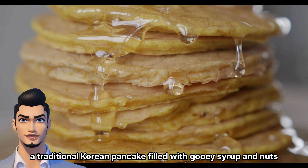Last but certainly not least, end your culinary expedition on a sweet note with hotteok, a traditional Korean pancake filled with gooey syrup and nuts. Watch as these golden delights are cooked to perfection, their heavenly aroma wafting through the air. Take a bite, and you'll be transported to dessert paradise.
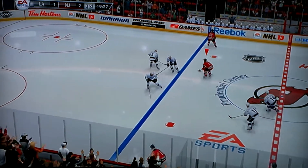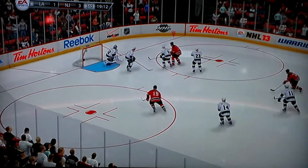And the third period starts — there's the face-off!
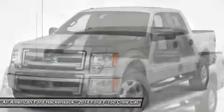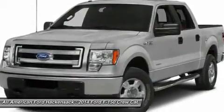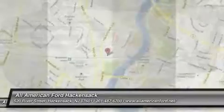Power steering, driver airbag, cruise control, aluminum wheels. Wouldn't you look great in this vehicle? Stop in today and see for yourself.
--
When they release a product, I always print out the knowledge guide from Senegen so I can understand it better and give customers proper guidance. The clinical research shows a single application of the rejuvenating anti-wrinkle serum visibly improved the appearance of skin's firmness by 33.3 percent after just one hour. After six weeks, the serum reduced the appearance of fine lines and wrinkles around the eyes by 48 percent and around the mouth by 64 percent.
* * *
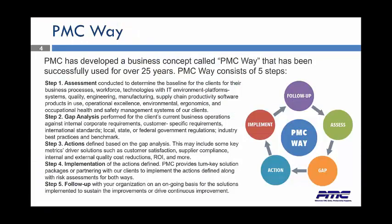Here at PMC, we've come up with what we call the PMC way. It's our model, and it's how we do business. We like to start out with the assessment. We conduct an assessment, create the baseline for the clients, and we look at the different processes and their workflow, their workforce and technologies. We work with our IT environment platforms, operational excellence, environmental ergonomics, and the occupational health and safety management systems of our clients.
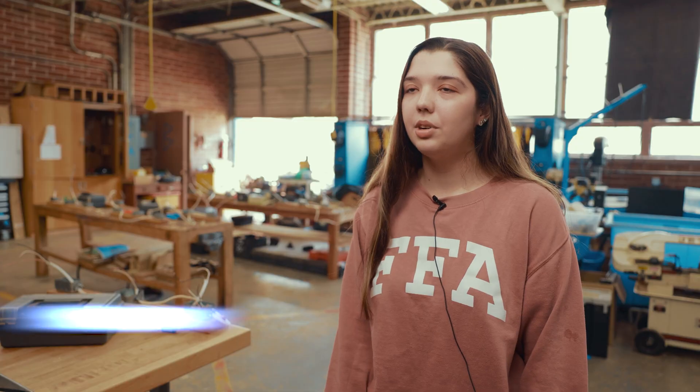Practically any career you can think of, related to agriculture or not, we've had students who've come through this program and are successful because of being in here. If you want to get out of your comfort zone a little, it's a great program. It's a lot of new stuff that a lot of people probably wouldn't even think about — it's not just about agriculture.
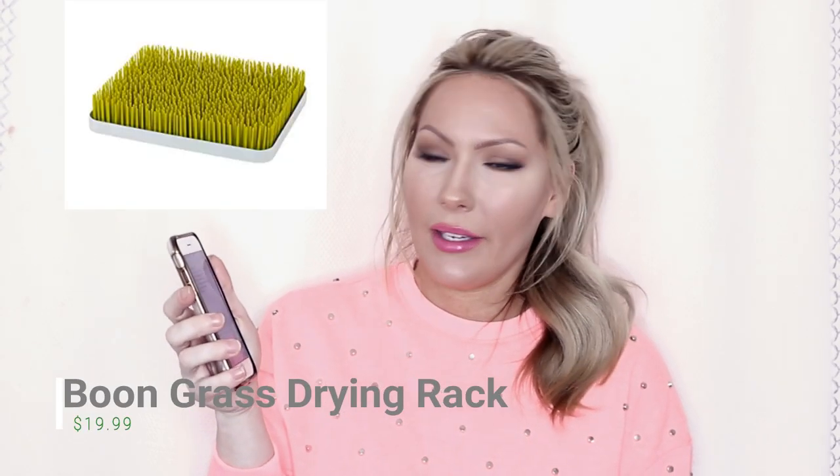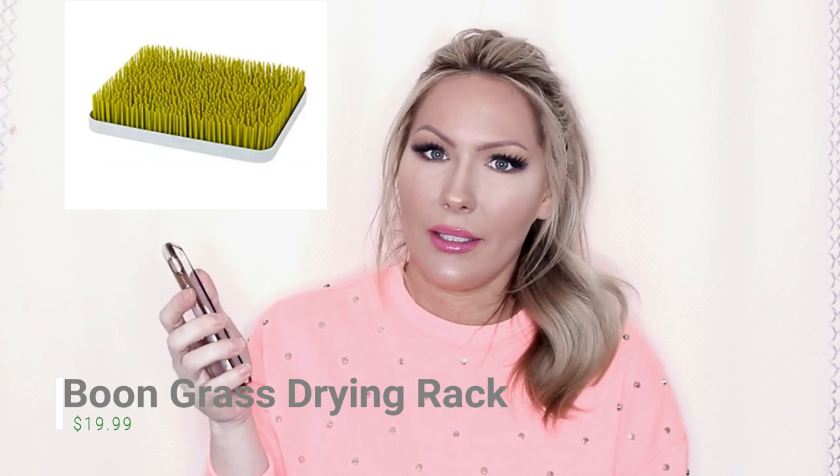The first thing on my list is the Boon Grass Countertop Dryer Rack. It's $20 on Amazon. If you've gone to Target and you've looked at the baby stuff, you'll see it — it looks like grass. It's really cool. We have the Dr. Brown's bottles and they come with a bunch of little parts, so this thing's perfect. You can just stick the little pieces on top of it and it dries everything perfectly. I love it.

**EXERCISE DETAILS:** Within the data above, repeat exactly the lines from the one bearing "Practically any career" through the one bearing "The first thing". Include no pictures and nothing else.

**SOLUTION FOR THIS TASK:**
Practically any career you can think of, related to agriculture or not, we've had students who've come through this program and are successful because of being in here. If you want to get out of your comfort zone a little, it's a great program. It's a lot of new stuff that a lot of people probably wouldn't even think about — it's not just about agriculture.
The first thing on my list is the Boon Grass Countertop Dryer Rack. It's $20 on Amazon. If you've gone to Target and you've looked at the baby stuff, you'll see it — it looks like grass. It's really cool. We have the Dr. Brown's bottles and they come with a bunch of little parts, so this thing's perfect. You can just stick the little pieces on top of it and it dries everything perfectly. I love it.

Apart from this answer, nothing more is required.